Data START

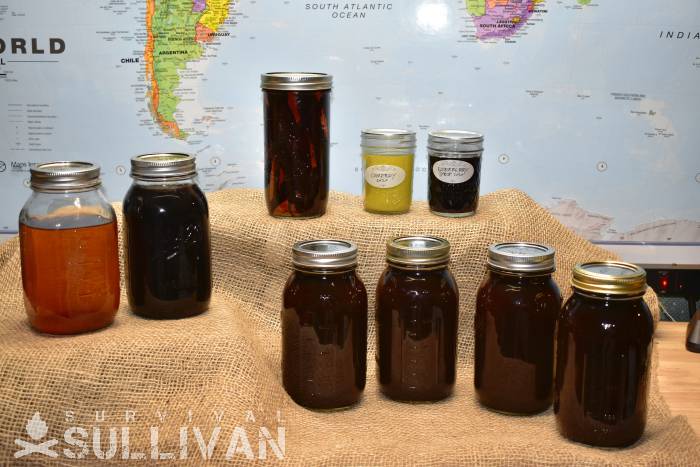 vanilla comfrey salve elderberry syrup and tinctures in glass jars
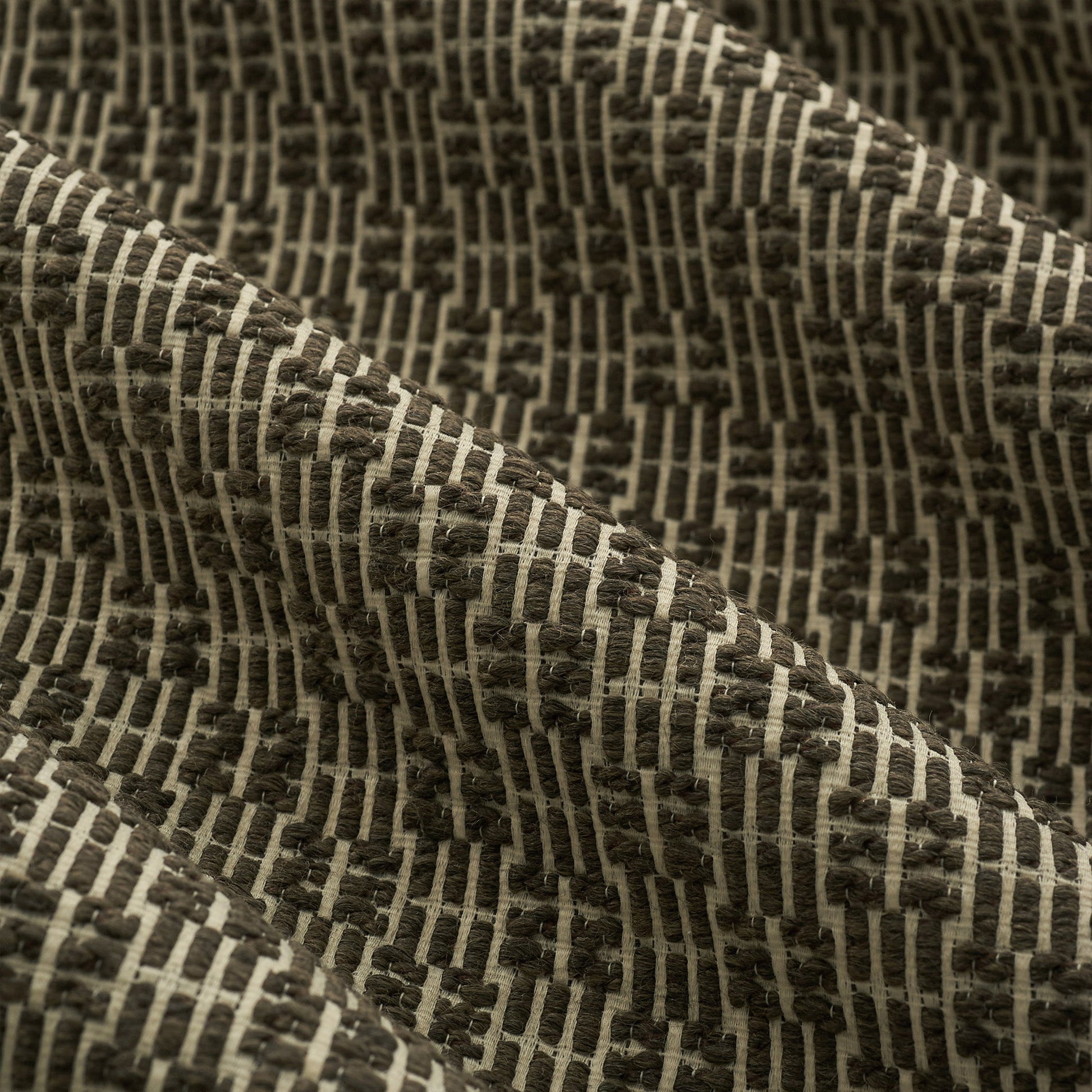 Goodbar Ottoman in Rossner Brown - Fineza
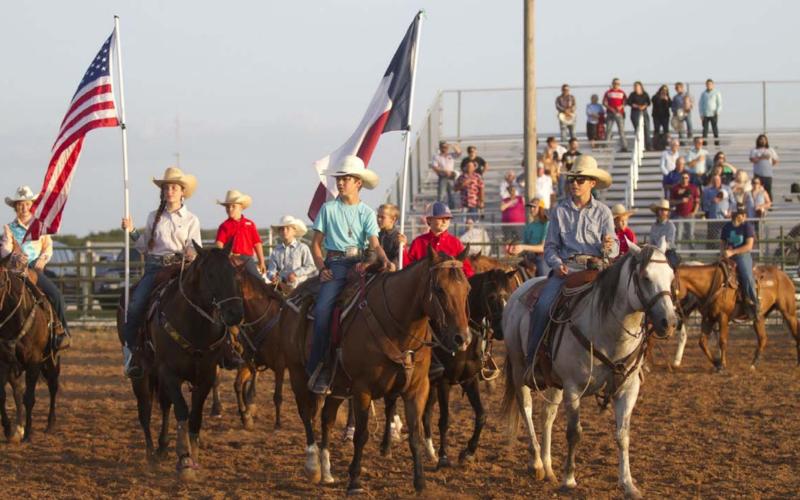 Riders at the Lometa FFA Junior Rodeo ride through the Bar 3 Arena in Lometa with the American and Texas flags as the rodeo kicked off Friday night. HUNTER KING | DISPATCH RECORD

Data END

# To do:
Would you write out the material above in full, exactly as given, except for its pictures?

# Result of the exercise:
 vanilla comfrey salve elderberry syrup and tinctures in glass jars
 Goodbar Ottoman in Rossner Brown - Fineza
 Riders at the Lometa FFA Junior Rodeo ride through the Bar 3 Arena in Lometa with the American and Texas flags as the rodeo kicked off Friday night. HUNTER KING | DISPATCH RECORD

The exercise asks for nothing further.